On 3/6/2023 7:28 PM, Taylor Blau wrote: > On Mon, Mar 06, 2023 at 02:54:00PM -0800, Junio C Hamano wrote: >> "Derrick Stolee via GitGitGadget" <gitgitgadget@gmail.com> writes: >> >>> @@ -1008,6 +1008,7 @@ void reprepare_packed_git(struct repository *r) >>> struct object_directory *odb; >>> >>> obj_read_lock(); >>> + reprepare_alt_odb(r); >>> for (odb = r->objects->odb; odb; odb = odb->next) >>> odb_clear_loose_cache(odb); >> >> Hmph, if there was an old alternate ODB from which we took some >> loose object from and cached, and if that ODB no longer is on the >> updated alternate list, would we now fail to clear the loose objects >> cache for the ODB? Or are we only prepared for seeing "more" >> alternates and assume no existing alternates go away? > > Based on my understanding of the patch, we are only prepared to see > "more" alternates, rather than some existing alternate going away. > > That being said, I am not certain that is how it works. Perhaps an > alternate "goes away", but does not actually get removed from the list > of alternate ODBs. If that's the case, any object lookup in that > now-missing ODB would fail, but any subsequent ODBs which were added > after calling reprepare_alt_odb() would succeed on that object lookup. > > So, I don't know. I don't have the implementation details of the > alternates ODB mechanism paged in enough to say for sure. Hopefully > Stolee can point us in the right direction.

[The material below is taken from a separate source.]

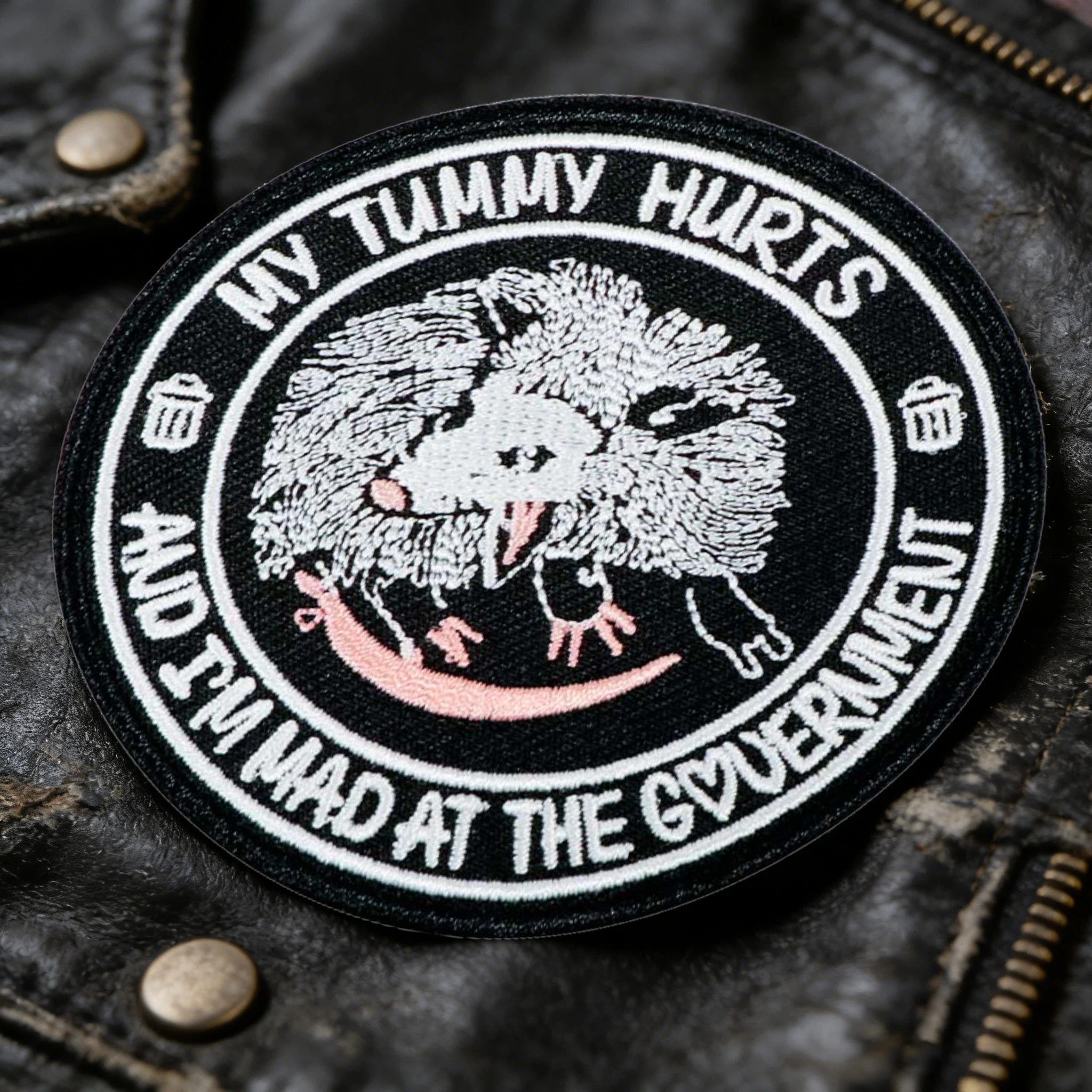 Parche bordado termoadhesivo opossum punk para gorra y ropa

The prepare_alt_odb() call only _adds_ to the linked odb list. It will not remove any existing ODBs. Adding this reprepare_*() method makes it such that we can use the union of the alternates available across the lifetime of the process. Thanks, -Stolee
Derrick Stolee <derrickstolee@github.com> writes:
> The prepare_alt_odb() call only _adds_ to the linked odb list.
Ah, thanks. That was what I missed and led to the question.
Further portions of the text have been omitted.